# Yaya

Yet another … yet another recursion scheme library for Haskell

## overview

Recursion schemes allow you to separate *any* recursion from your business logic, writing step-wise operations that can be applied in a way that guarantees termination (or, dually, progress).

How's this possible? You can’t have totality *and* Turing-completeness, can you? Oh, but you can – there is a particular type, `Partial a`

(encoded with a fixed-point) that handles potential non-termination, akin to the way that `Maybe a`

handles exceptional cases. It can be folded into `IO`

in your main function, so that the runtime can execute a Turing-complete program that was modeled totally.

**NB**: The tests for this package are unfortunately included in `yaya-hedgehog`

instead, to avoid a dependency cycle.

## organization

This organization is intended to make this a lightly-opinionated library. You should only need to import one module (per package) into any module of yours.

`Pattern`

– This is what you should use most of the time. It provides common pattern functors that aren’t found elsewhere as well as other operations that are useful when you’re defining your own algebras.
`Fold`

– This (and its submodules) provides algebra transformers, fixed-point operators, and other things you use when applying folds.
`Retrofit`

– Utilities for making your existing data types compatible with recursion schemes.
`Applied`

– A number of commonly-useful utilities defined as folds. Intended both as examples and code that you can actually use in your projects.
`Zoo`

– Names that you may have seen in the recursion scheme literature, but that we generally avoid using here. In general, prefer the right-hand side of these definitions, which shouldn’t require importing this module.

## Some (hopefully) helpful guidelines

Greek characters (and names) for things can often add confusion, however, there are some that we’ve kept here because I think (with the right mnemonic) they're actually clarifying.

`φ`

– an algebra – “phi” (pronounced /faɪ/)
`ψ`

– a coalgebra – “psi” (pronounced /ˈ(p)saɪ/)

These are the symbols used in “the literature”, but I think they also provide a good visual mnemonic – φ, like an algebra, is folded inward, while ψ, like a coalgebra, opens up. So, I find these symbols more evocative than `f`

and `g`

or `algebra`

and `coalgebra`

, or any other pair of names I’ve come across for these concepts.

There are two other names, `Mu`

and `Nu`

(for the inductive and coinductive fixed-point operators), that I *don’t* think have earned their place, but I just haven’t come up with something more helpful yet.

### Naming Conventions

There's a set of conventions around the naming of the operations. There are many variants of each operation (and they're all ultimately variants of `cata`

and `ana`

), so understanding this convention should help make it easier to understand the myriad possibilities rather than learning them by rote. The general pattern is

[`e`

][`g`

]`operation`

[`T`

][`M`

]

`g`

“Generalized” variant – This parameterizes the fold over some `DistributiveLaw`

that generalizes the (co)algebra over some `Monad`

or `Comonad`

. This is normally only applied to the fundamental operations – `cata`

, `ana`

, and `hylo`

, but there is also a `gapo`

(dual to `zygo`

) that really only coincidentally follows this naming pattern.
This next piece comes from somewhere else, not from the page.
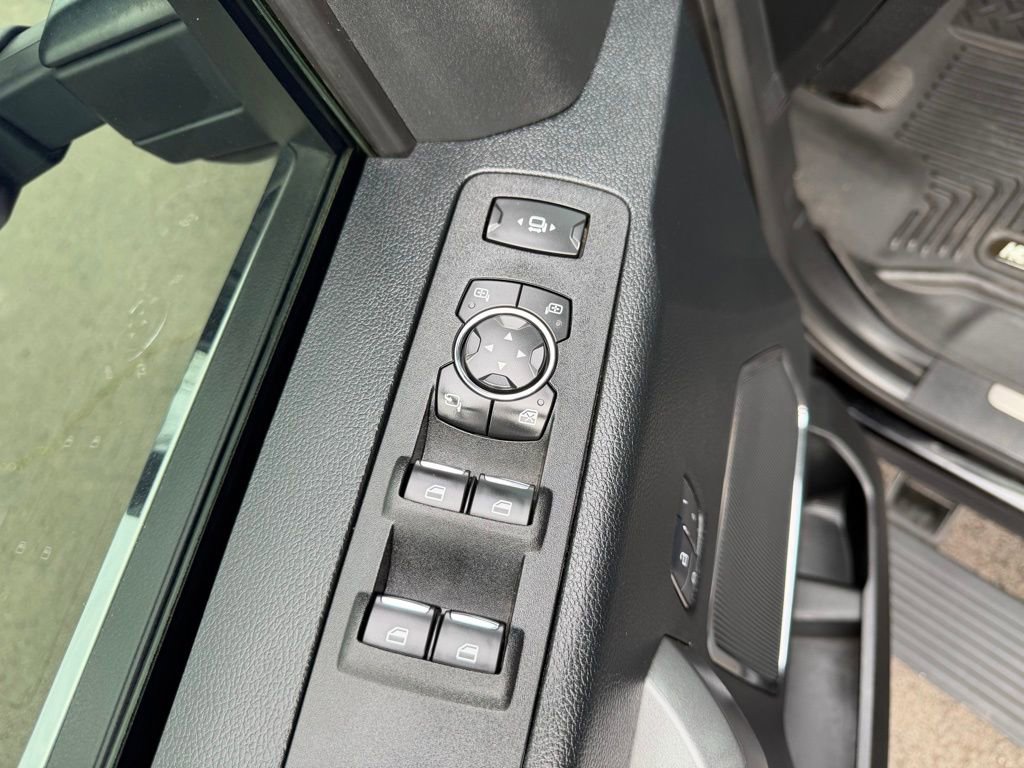 Used 2017 Ford F350 Platinum w/ Platinum Ultimate Package image 14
Many of the other “well-known” named folds are specializations of this:

- when specialized to
`((,) T)`

, it’s `para`

;
- when
`((,) B)`

, `zygo`

;
- when
`Free f`

, `futu`

;
- etc.

`e`

“Elgot” variant – Named after the form of coalgebra used in an “Elgot algebra”. If there is an operation that takes some `f (x a) -> a`

, the Elgot variant takes `x (f a) -> a`

, which often has similar but distinct properties from the original.

As a mnemonic, you can read the `e`

as “exterior” as with a regular generalized fold, the `x`

is on the *inside* of the `f`

, while with the Elgot variant, it's on the *outside* of the `f`

.

`T`

“Transformer” variant – For some fold that takes an algebra like `f (x a) -> a`

, and where `t`

is the (monad or comonad) transformer of `x`

, the transformer variant takes an algebra like `f (t m a) -> a`

.

`M`

Kleisli (“monadic”) variant – This convention is much more widespread than simply recursion schemes. A fold that returns its result in a `Monad`

, by applying a Kleisli algebra (that is, `f a -> m a`

rather than `f a -> a`

. The dual of this might be something like `anaW`

(taking a seed value in a `Comonad`

), but those are uninteresting. Having Kleisli variants of unfolds is unsafe, as it can force traversal of an infinite structure. If you’re looking for an operation like that, you are better off with an effectful streaming library.